EXERCISE MATERIAL.
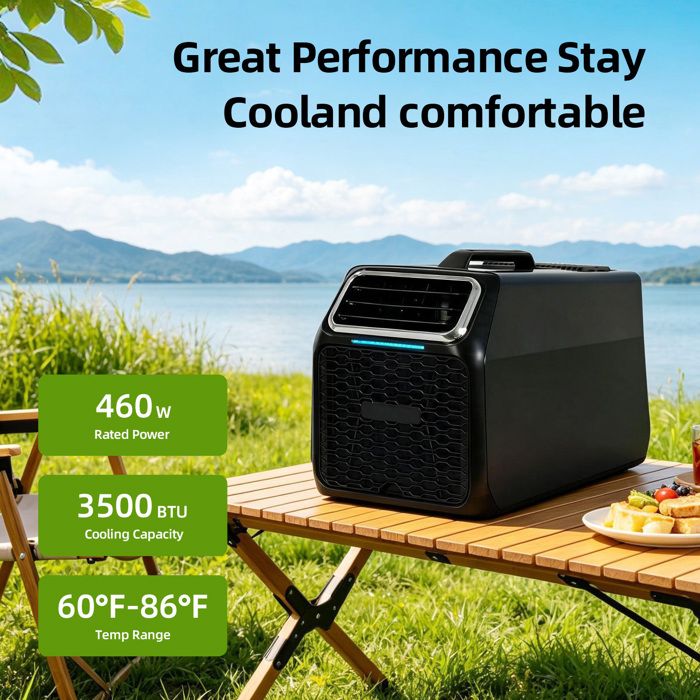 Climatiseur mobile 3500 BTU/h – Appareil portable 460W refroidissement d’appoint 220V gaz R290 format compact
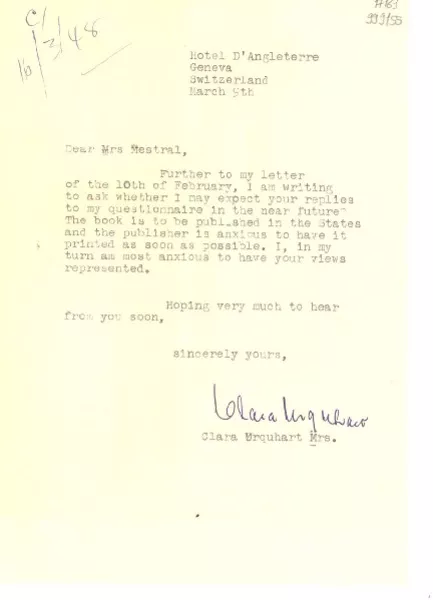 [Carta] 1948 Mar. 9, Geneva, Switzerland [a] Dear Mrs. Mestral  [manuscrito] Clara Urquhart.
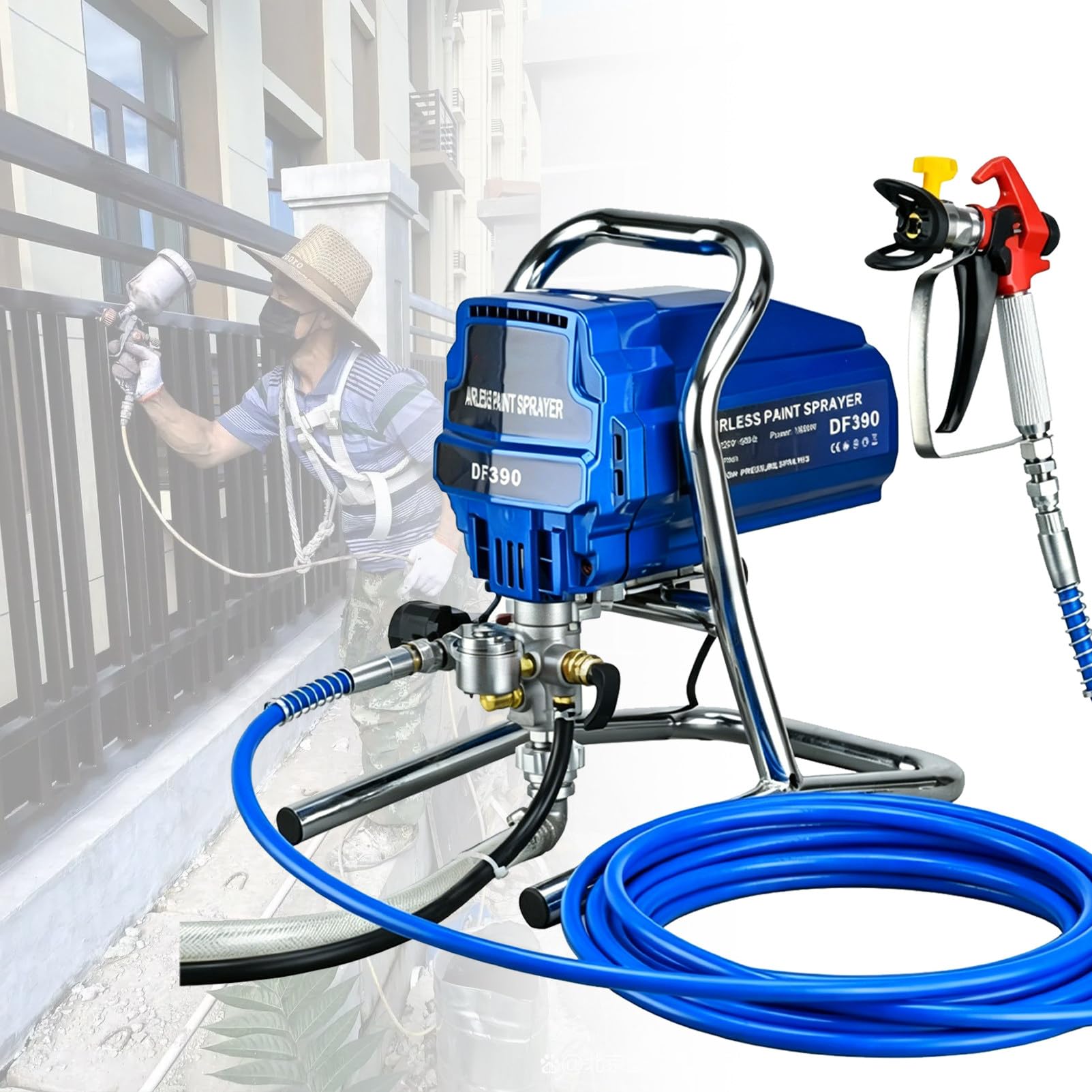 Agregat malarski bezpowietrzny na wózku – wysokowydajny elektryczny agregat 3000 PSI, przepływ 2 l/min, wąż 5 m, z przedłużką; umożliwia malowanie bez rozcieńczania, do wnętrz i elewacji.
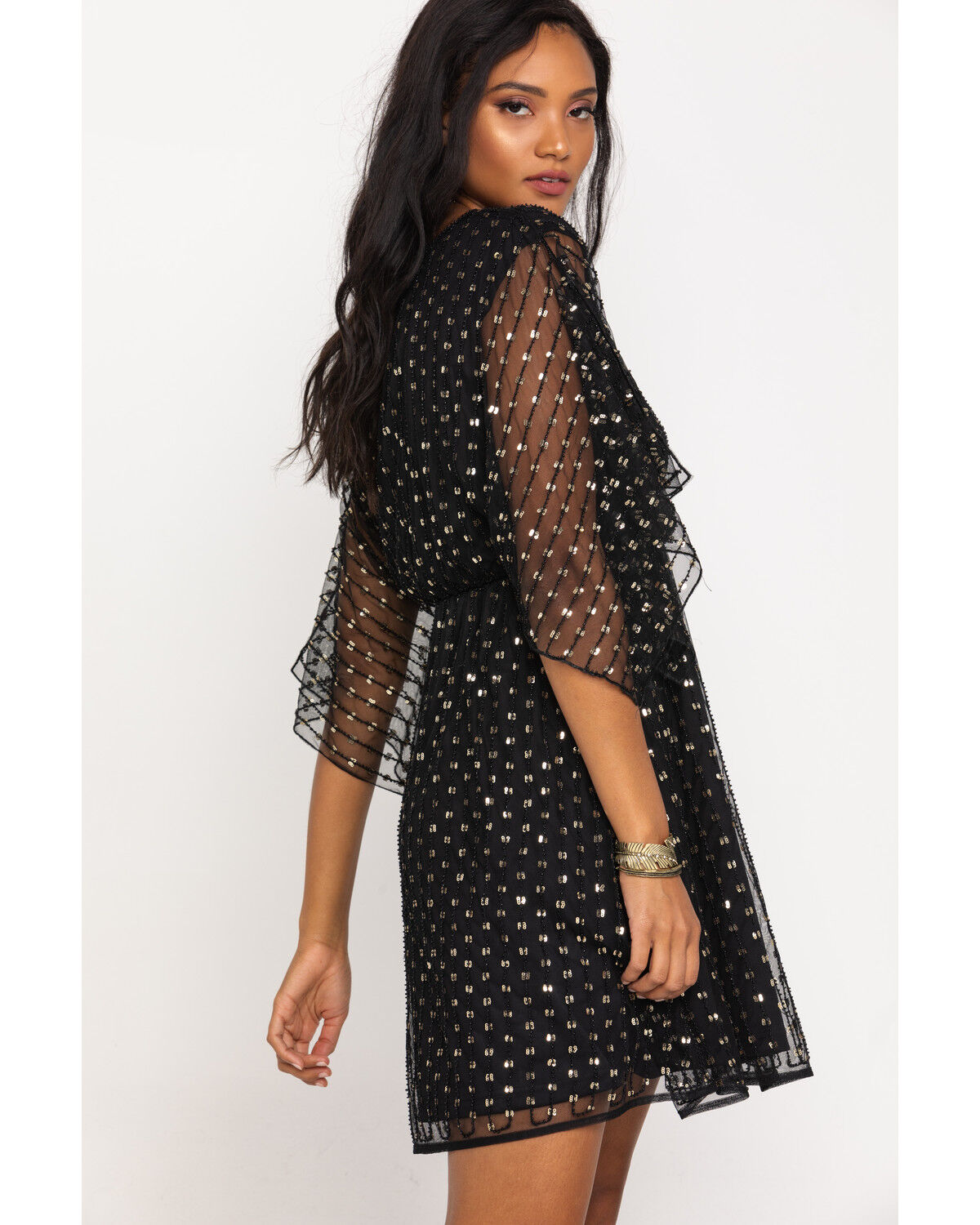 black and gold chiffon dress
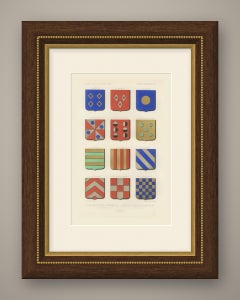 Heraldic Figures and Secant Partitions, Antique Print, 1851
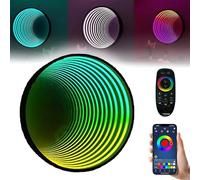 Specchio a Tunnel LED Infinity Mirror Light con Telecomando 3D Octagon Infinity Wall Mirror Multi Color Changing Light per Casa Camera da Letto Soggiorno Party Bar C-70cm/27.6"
...
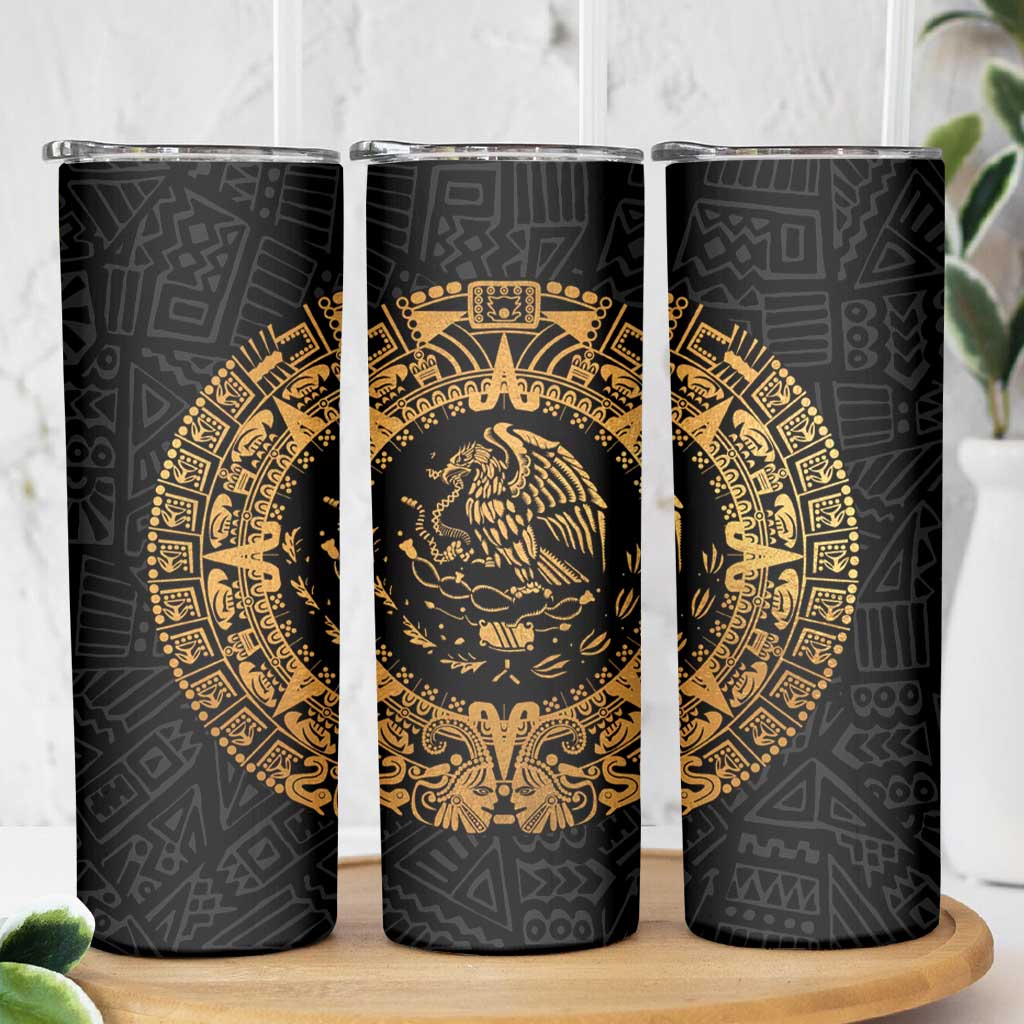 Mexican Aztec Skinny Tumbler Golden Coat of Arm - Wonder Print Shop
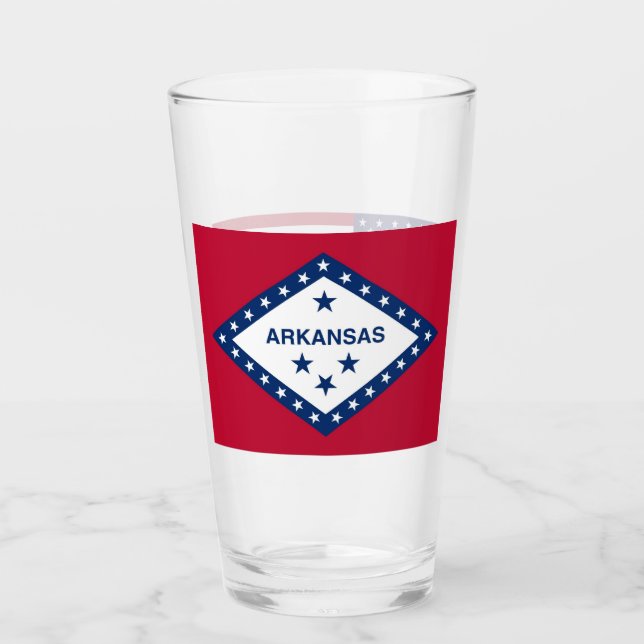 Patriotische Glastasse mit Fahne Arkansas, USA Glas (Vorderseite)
---
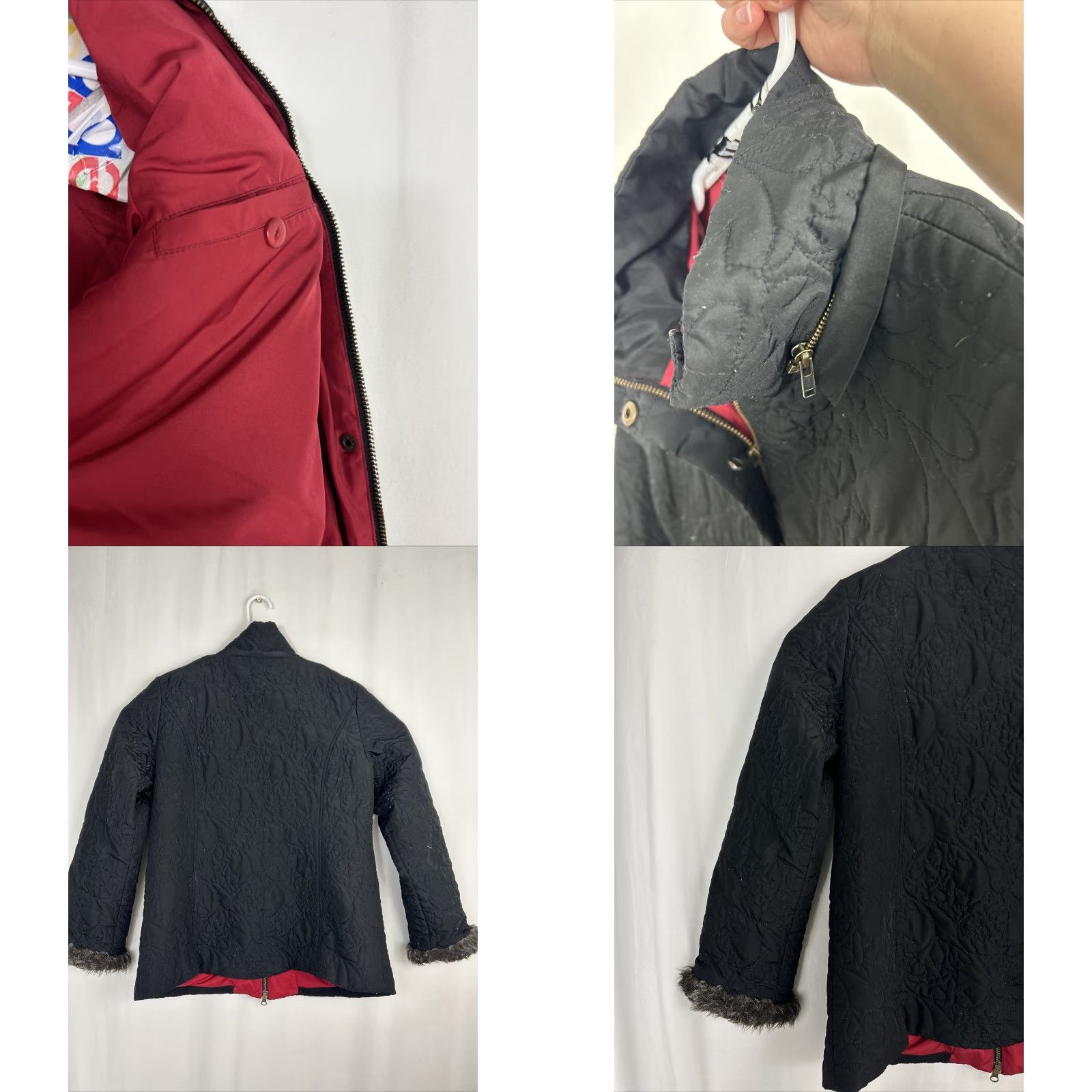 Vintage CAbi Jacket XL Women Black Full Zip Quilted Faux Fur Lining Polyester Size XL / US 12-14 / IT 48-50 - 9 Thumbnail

THE TASK. Using the entries above, transcribe exactly from the line that has "Mexican Aztec Skinny" through the line that has "Patriotische Glastasse mit". Pictures are dropped.

COMPLETED EXERCISE.
 Mexican Aztec Skinny Tumbler Golden Coat of Arm - Wonder Print Shop
 Patriotische Glastasse mit Fahne Arkansas, USA Glas (Vorderseite)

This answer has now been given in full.